From the Global Health Policy Community
- Senate Hearing Scheduled For Global AIDS Coordinator Nominee Deborah Birx
“A U.S. Senate Committee on Foreign Relations hearing on the nomination of Dr. Deborah Birx to be the next Ambassador at Large and U.S. Global AIDS Coordinator has been scheduled for March 6, at 2 p.m.,” the Center for Global Health Policy’s “Science Speaks” blog reports. “…The hearing, which will take place in the Senate Dirksen Building, room 419 will be webcast live at this page. Senator Ed Markey (D-Mass) will preside over the hearing” (Barton, 2/28).
- USAID, P&G Launch Clean Drinking Water, Health Projects In Myanmar
USAID “Administrator Rajiv Shah [on Thursday] helped deliver the first liter of clean drinking water under the Global Development Alliance (GDA) between the U.S. Agency for International Development (USAID) and Procter & Gamble (P&G) to improve health in [Myanmar]. … Over the next two years, USAID and P&G intend to make joint investments of at least $2 million on health projects aimed at providing clean drinking water through provision of P&G Purifier of Water packets; promoting better hygiene behaviors; and building capacity to deliver improved health services to mothers and children. Population Services International (PSI) will implement these projects in-country…,” a P&G press release states (2/28).

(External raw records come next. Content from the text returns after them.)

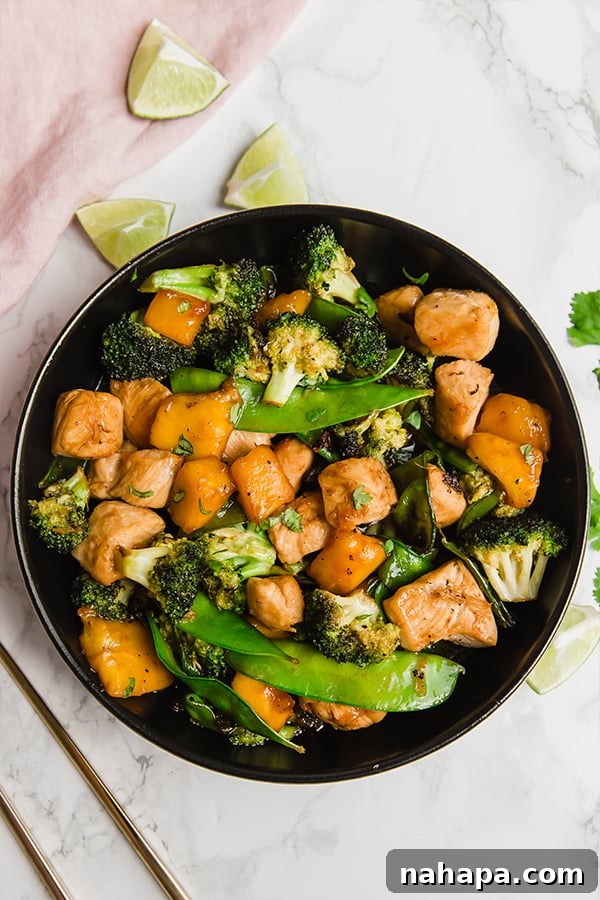 Close-up of Mango Chicken Stir Fry in a skillet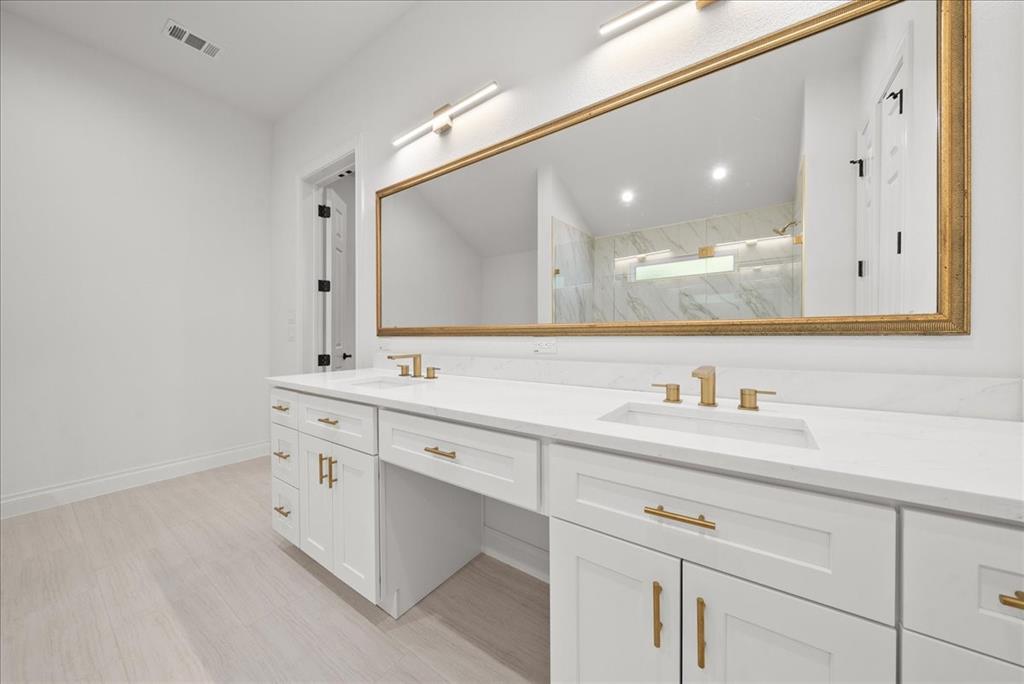 3801 Berry Hill Court Double Oak, TX 75028 - Photo 22 of 33 a bathroom with a sink and a mirror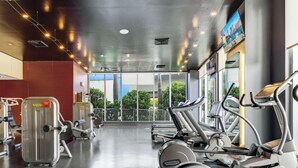 Une salle de sport équipée de machines de cardio, de machines de musculation et dotée d’une grande fenêtre donnant sur un espace verdoyant.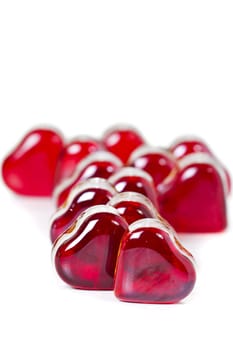 Red heart shaped gems on white background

- CDC Blog Discusses Link Between HIV, Maternal Health In Africa
Writing in the CDC’s “Our Global Voices” blog, Isabella Danel of the CDC Division of Reproductive Health discusses progress in improving maternal health in Africa and the impact that HIV has on maternal mortality. “…The HIV epidemic is an important reason maternal mortality has not decreased much — or has even increased. That much is clear and it’s the reason CDC and other partners are re-doubling efforts to better understand and overcome the complex mix of medical, cultural, and institutional forces that will have to be addressed if pregnant women living with HIV are to survive…” (3/3).

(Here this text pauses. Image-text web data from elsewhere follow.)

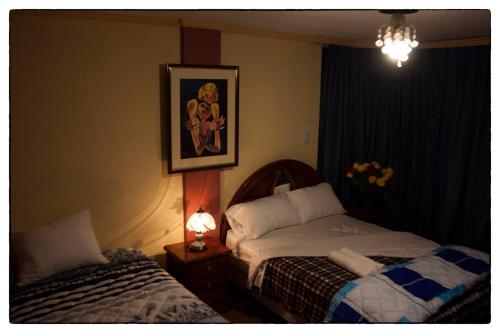 Sueños del Valle في Sangolquí: غرفة نوم بسريرين وصورة على الحائط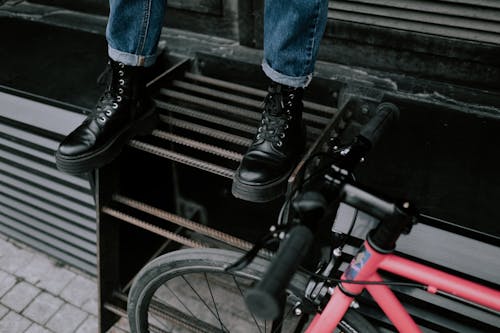 Orang Dengan Jeans Denim Biru Dan Sepatu Bot Kulit Hitam Berdiri Di Tangga Metal Hitam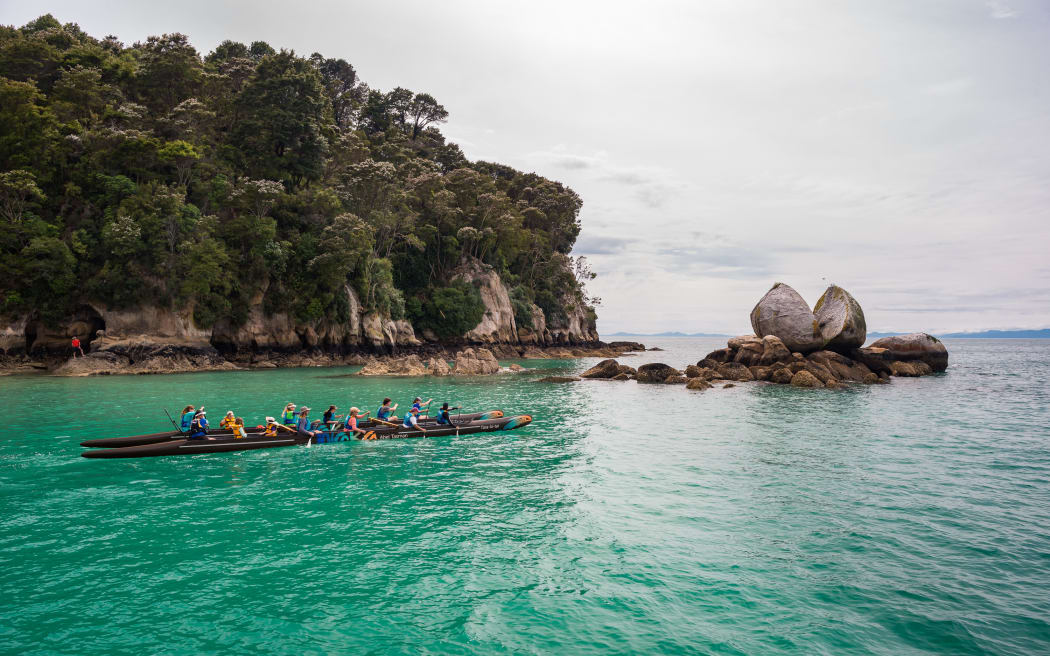 The double-hulled waka at Split Apple Rock, near the Abel Tasman National Park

- Near East, North Africa Governments Conclude FAO Regional Conference
“Governments from the Near East and North Africa [on Friday] wrapped up a five-day meeting on regional food security challenges pledging enhanced cooperation to tackle the critical issues of water management, food waste and building more resilient rural communities. In a final report, the 32nd FAO regional conference for the Near East and North Africa endorsed three key proposals tabled during the talks…,” a press release from the Food and Agriculture Organization reports (2/28).
- 'Science Speaks' Blog Discusses WHO Consolidated Guidelines Supplement on HIV
The Center for Global Health Policy “Science Speaks” blog discusses the WHO launch of the March 2014 Supplement to the 2013 Consolidated Guidelines on the Use of Antiretroviral Drugs for Treating and Preventing HIV Infection. The supplement provides “responses to the guidelines to date … highlights trends to help countries forecast their procurement needs … [and] adds new information about strategies for diagnosing HIV infection among infants to expedite antiretroviral treatment initiation,” among other things (Lubinski, 3/3).